Scraped caption text data:

──────────────────────────────

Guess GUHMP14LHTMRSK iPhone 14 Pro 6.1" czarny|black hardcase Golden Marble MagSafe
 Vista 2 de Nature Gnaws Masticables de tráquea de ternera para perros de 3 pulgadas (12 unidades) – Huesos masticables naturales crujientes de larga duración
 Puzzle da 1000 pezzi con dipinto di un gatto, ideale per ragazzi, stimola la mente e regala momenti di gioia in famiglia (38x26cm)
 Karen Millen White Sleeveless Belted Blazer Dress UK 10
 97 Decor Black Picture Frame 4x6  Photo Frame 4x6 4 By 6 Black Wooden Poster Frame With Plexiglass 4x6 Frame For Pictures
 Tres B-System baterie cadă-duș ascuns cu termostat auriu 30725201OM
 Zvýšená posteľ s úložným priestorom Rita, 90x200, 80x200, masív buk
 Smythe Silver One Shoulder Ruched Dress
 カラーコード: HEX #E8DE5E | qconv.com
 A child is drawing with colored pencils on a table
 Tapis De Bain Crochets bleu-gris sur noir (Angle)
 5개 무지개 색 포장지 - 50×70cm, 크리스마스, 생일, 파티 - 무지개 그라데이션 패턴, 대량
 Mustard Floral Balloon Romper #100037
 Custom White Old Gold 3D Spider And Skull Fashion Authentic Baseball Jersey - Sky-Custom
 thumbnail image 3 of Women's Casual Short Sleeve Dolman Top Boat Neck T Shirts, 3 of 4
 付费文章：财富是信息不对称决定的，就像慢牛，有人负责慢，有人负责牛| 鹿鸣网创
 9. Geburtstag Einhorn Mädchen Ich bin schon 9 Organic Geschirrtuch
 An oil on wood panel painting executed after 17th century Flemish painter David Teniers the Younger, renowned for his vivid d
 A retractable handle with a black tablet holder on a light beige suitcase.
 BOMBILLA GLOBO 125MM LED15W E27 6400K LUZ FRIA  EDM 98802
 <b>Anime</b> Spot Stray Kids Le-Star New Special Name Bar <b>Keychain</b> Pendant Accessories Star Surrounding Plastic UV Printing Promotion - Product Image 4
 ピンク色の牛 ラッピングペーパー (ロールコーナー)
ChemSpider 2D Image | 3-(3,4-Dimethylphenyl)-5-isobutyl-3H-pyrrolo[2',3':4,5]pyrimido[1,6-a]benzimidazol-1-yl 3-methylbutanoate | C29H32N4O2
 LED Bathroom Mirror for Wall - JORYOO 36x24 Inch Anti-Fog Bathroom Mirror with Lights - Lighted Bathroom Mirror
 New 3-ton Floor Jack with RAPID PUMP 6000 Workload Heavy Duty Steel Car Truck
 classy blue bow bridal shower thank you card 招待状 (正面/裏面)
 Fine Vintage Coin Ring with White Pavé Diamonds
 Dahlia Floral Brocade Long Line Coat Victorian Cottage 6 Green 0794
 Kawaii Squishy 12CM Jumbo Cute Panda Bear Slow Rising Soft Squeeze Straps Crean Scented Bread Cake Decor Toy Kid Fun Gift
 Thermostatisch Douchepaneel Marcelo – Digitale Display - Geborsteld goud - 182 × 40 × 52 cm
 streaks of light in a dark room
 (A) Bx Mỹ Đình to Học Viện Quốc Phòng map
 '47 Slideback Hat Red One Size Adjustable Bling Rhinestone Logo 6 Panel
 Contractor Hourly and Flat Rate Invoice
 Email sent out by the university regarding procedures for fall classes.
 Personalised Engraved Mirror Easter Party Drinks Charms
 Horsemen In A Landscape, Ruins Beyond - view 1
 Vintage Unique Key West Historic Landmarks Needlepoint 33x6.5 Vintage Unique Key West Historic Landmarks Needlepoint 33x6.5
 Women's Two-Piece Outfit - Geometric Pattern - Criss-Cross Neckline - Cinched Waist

──────────────────────────────

Exercise description: Gather from the records above every line containing the string "Women".

Answer to this problem:
 thumbnail image 3 of Women's Casual Short Sleeve Dolman Top Boat Neck T Shirts, 3 of 4
 Women's Two-Piece Outfit - Geometric Pattern - Criss-Cross Neckline - Cinched Waist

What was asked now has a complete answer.